§ **What the task requires**:
In the entries that follow, find the line containing "Outdoor Backyard Pool" and the line containing "热卖黄色PVC卡通设计长颈鹿跳跃城堡充气充气城堡", then retype exactly the lines from the first through the second, pictures excluded.
= Beginning of Section =
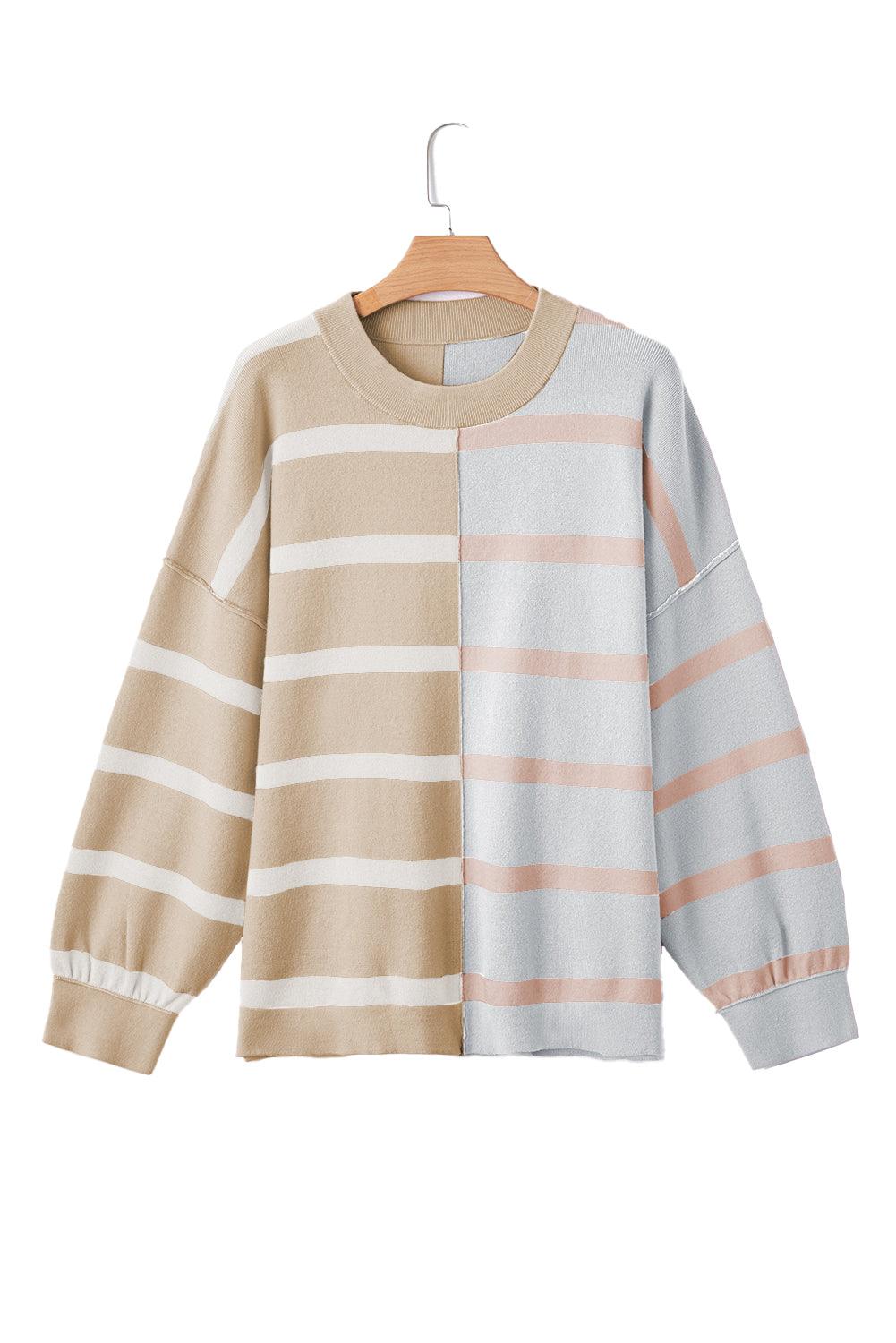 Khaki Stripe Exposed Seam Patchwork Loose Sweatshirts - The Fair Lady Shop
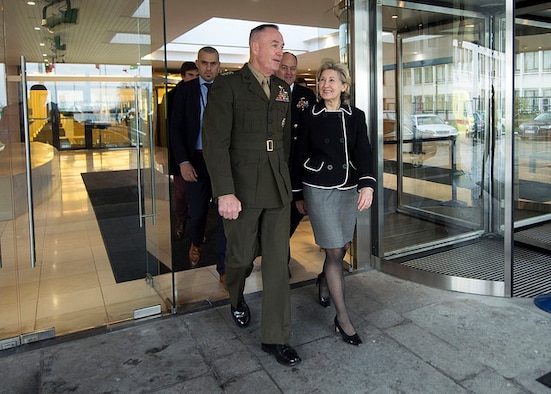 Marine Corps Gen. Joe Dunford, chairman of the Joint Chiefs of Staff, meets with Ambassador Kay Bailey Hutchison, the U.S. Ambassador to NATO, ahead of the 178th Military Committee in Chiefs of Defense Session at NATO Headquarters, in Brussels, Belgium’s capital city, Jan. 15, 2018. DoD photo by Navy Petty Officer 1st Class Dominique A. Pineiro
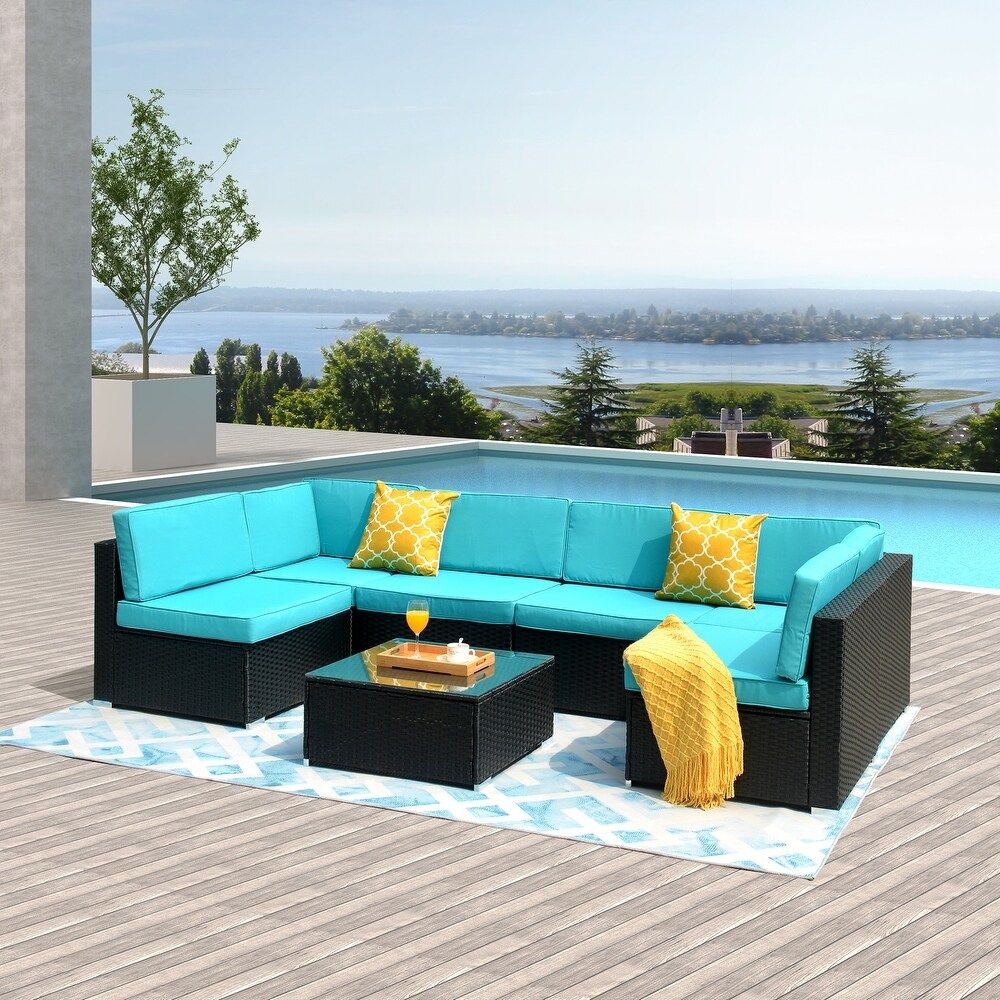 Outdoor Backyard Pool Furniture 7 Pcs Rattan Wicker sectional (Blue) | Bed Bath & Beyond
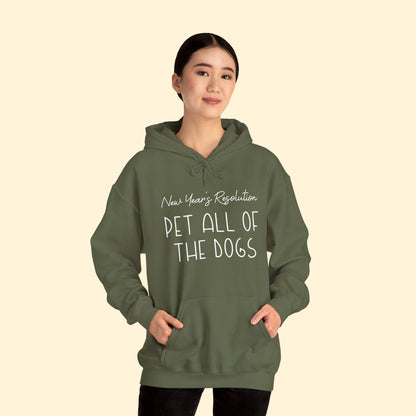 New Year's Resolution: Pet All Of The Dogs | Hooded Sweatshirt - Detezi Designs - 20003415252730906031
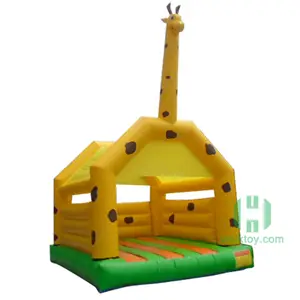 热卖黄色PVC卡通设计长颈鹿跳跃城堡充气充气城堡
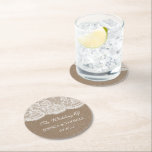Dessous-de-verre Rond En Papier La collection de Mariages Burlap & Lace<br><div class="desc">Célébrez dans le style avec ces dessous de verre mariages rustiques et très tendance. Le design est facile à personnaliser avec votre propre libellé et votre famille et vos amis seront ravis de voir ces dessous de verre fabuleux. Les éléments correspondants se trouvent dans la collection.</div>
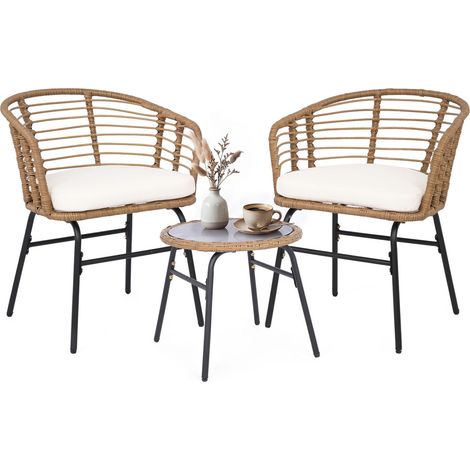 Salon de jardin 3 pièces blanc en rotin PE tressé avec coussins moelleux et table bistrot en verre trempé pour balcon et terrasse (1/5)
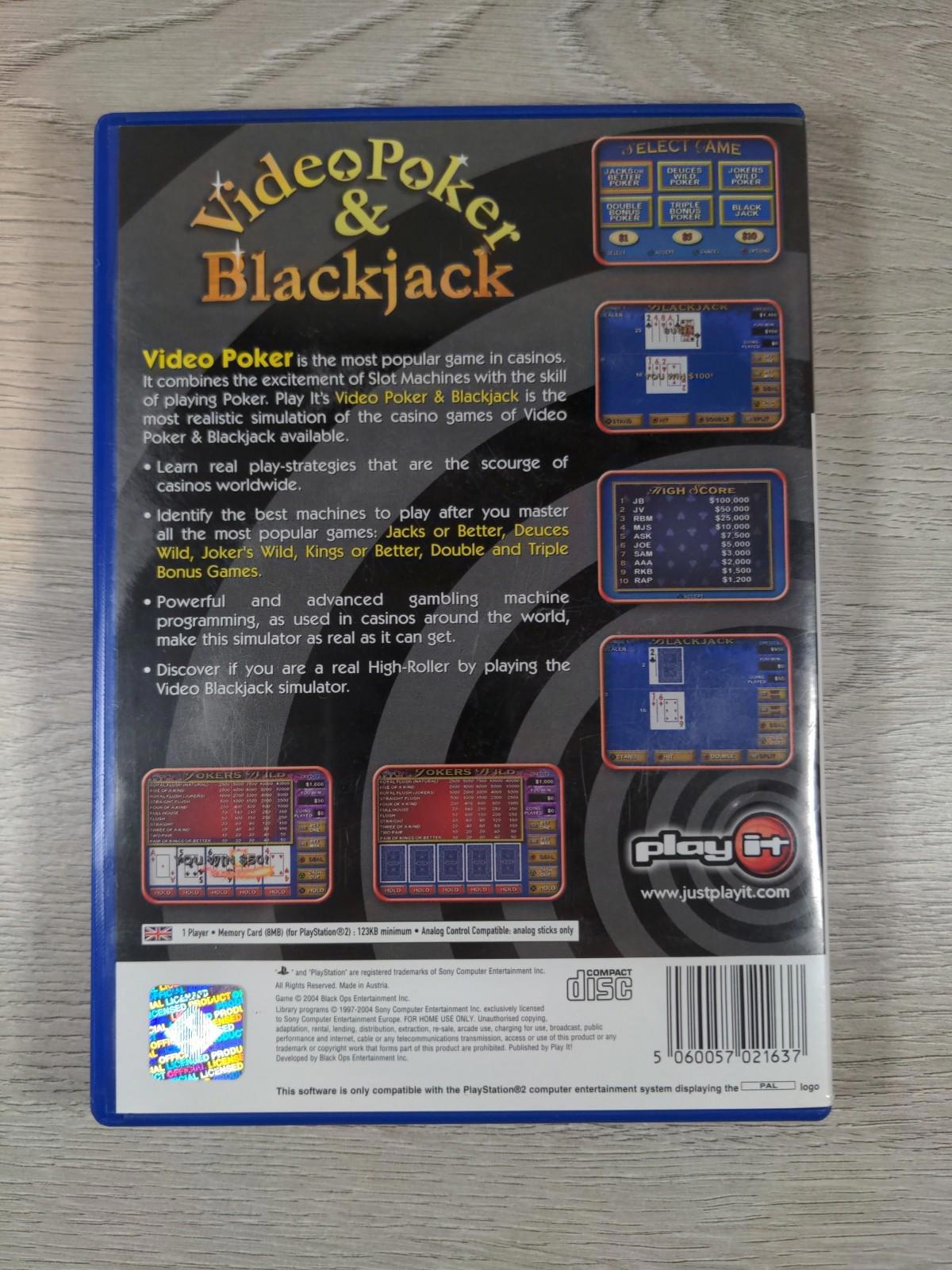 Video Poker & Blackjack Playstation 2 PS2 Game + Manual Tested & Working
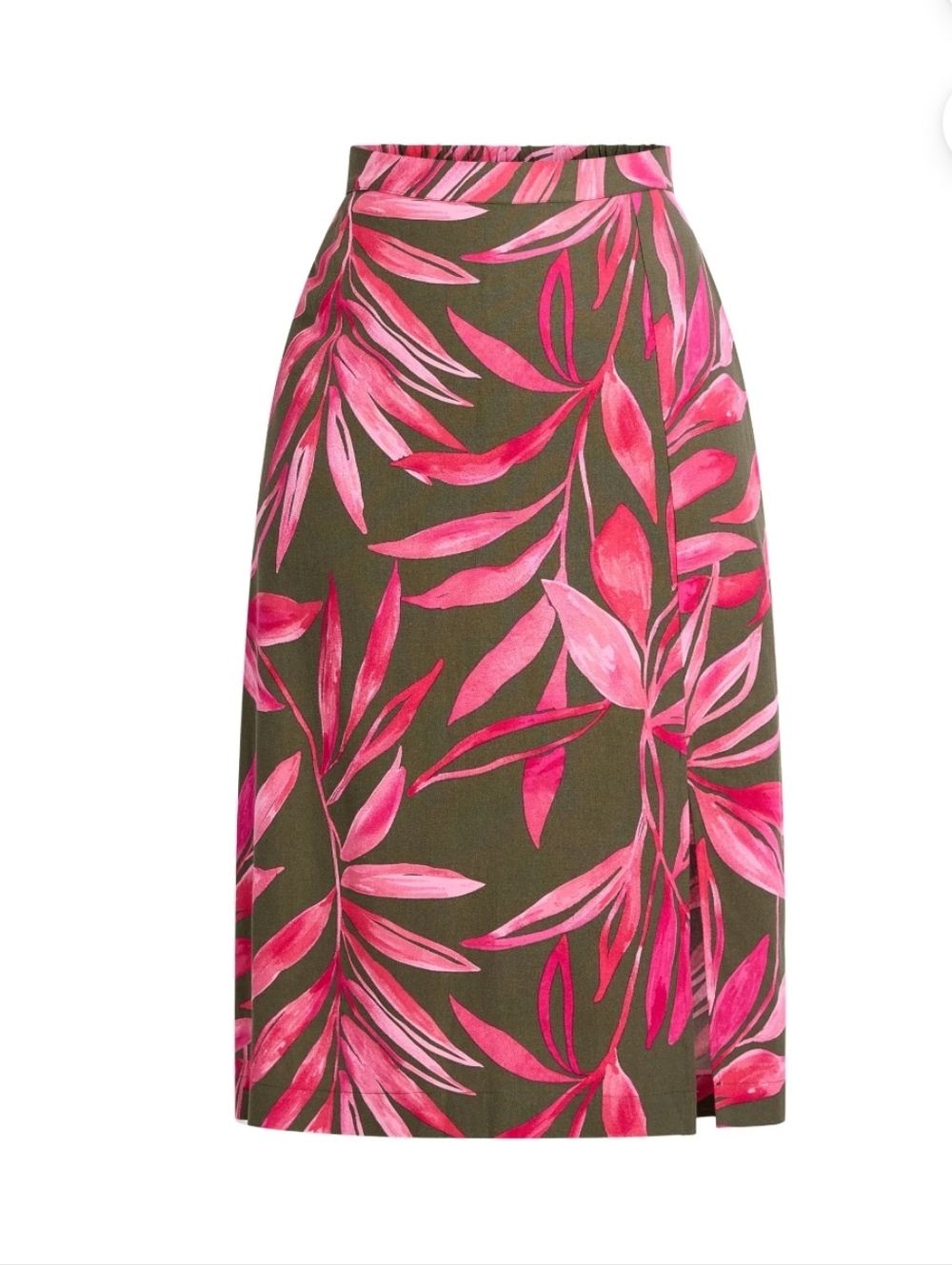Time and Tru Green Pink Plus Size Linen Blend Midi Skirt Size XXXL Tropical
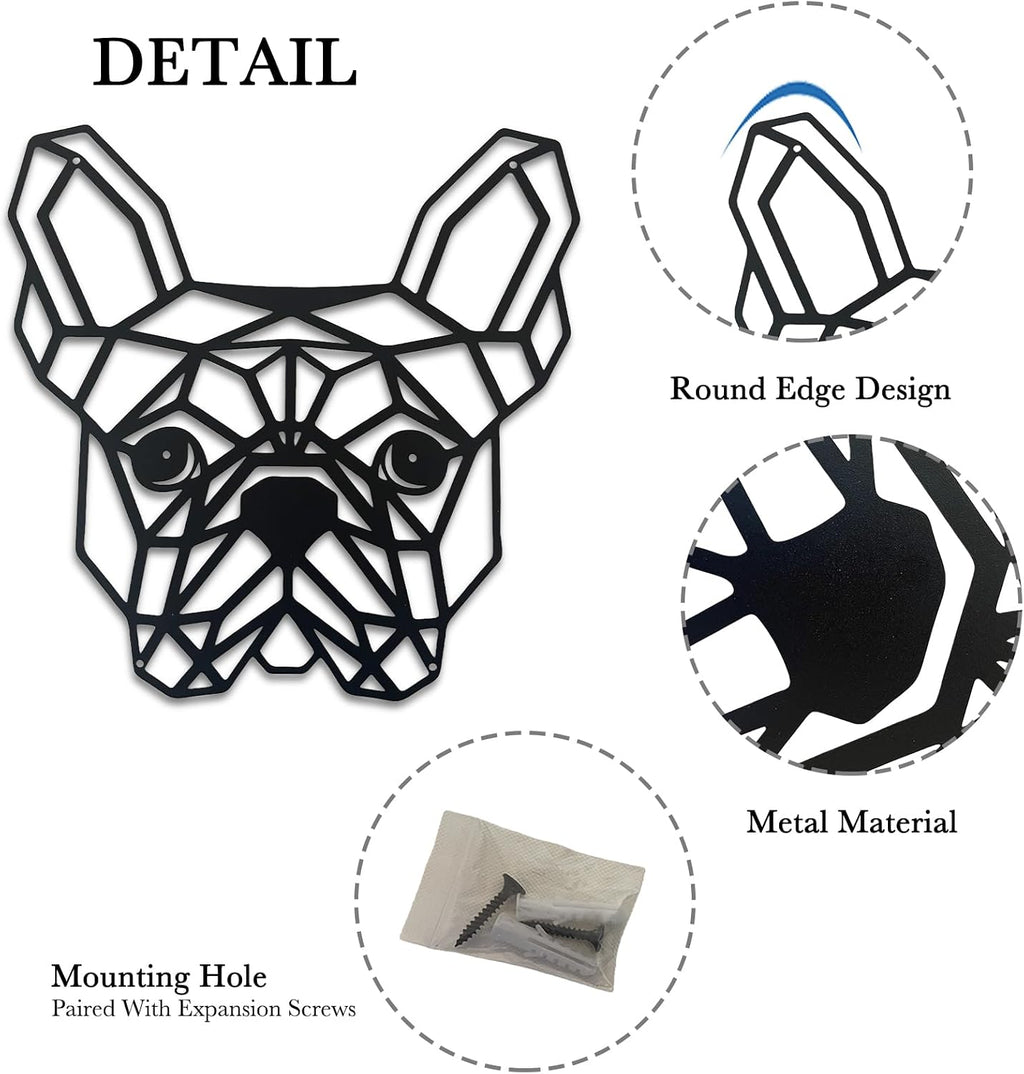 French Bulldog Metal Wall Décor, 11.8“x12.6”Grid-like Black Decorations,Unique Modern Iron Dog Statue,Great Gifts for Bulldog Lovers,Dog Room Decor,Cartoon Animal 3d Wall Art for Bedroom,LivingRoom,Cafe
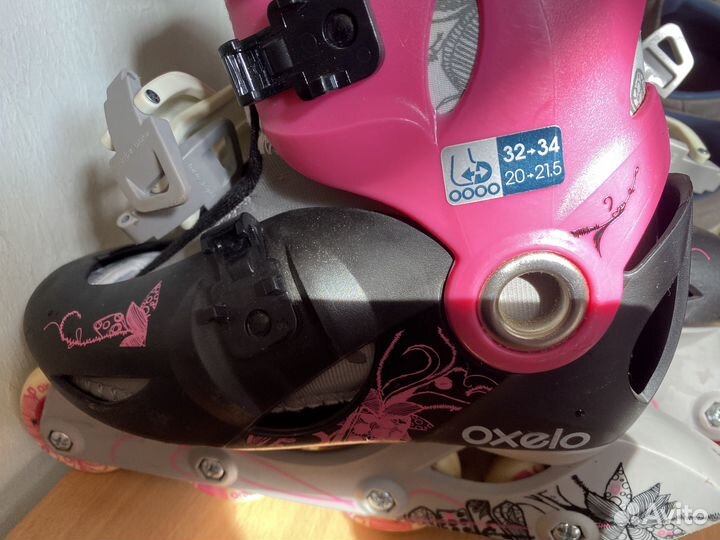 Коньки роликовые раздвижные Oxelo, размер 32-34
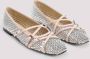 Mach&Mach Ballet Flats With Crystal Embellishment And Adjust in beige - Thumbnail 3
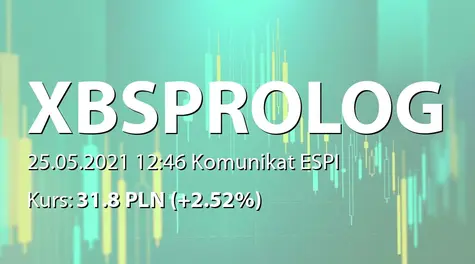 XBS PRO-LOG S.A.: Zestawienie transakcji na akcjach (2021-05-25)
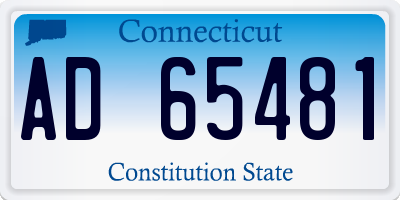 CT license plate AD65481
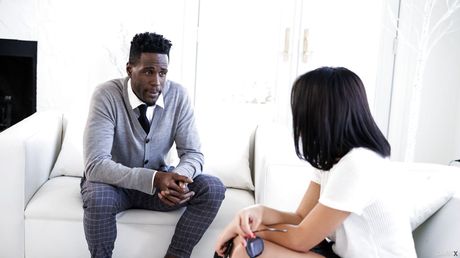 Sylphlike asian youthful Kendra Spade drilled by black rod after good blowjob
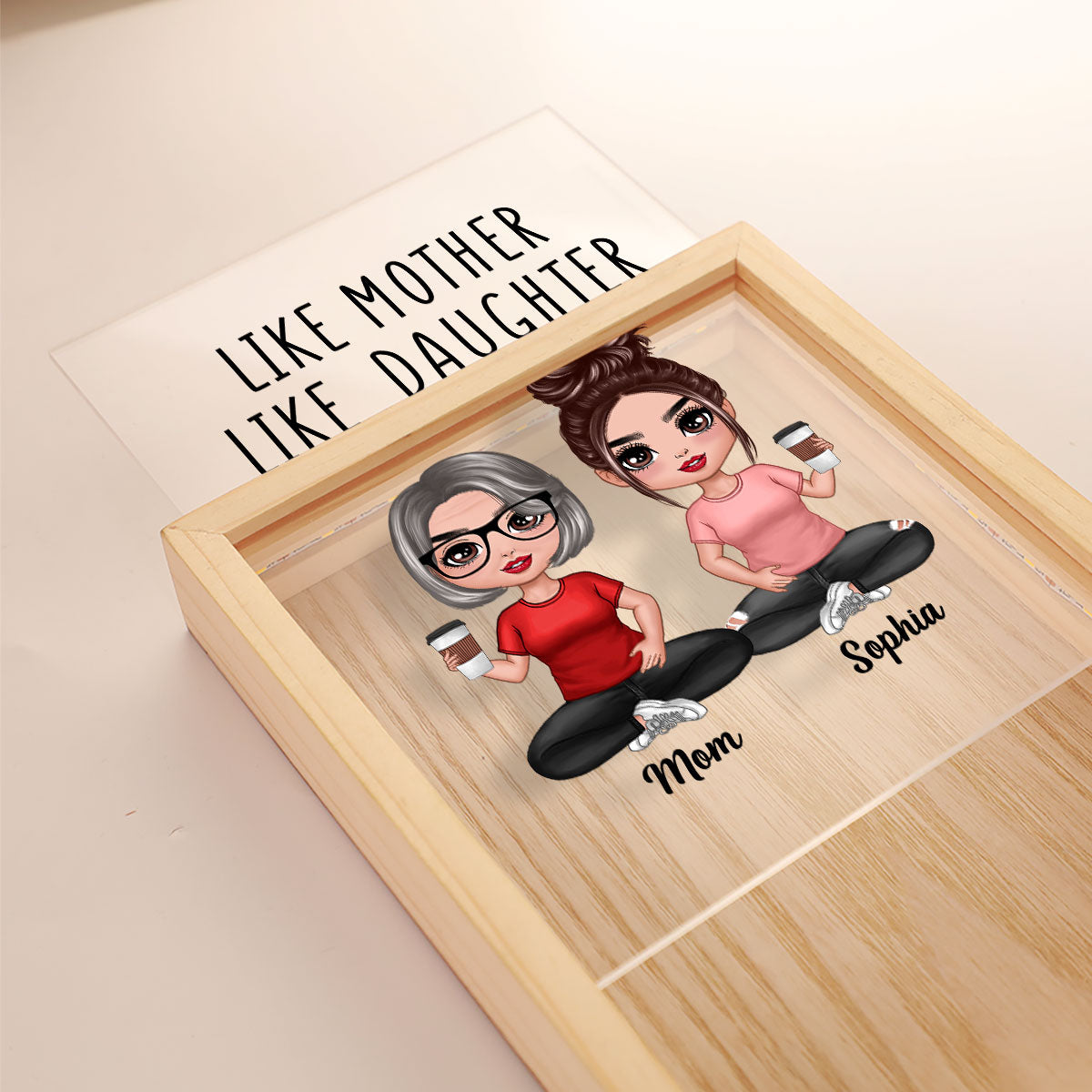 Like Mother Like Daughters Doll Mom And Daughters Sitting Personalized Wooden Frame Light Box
= End of Section =
§ **Task answer**:
 Outdoor Backyard Pool Furniture 7 Pcs Rattan Wicker sectional (Blue) | Bed Bath & Beyond
 New Year's Resolution: Pet All Of The Dogs | Hooded Sweatshirt - Detezi Designs - 20003415252730906031
 热卖黄色PVC卡通设计长颈鹿跳跃城堡充气充气城堡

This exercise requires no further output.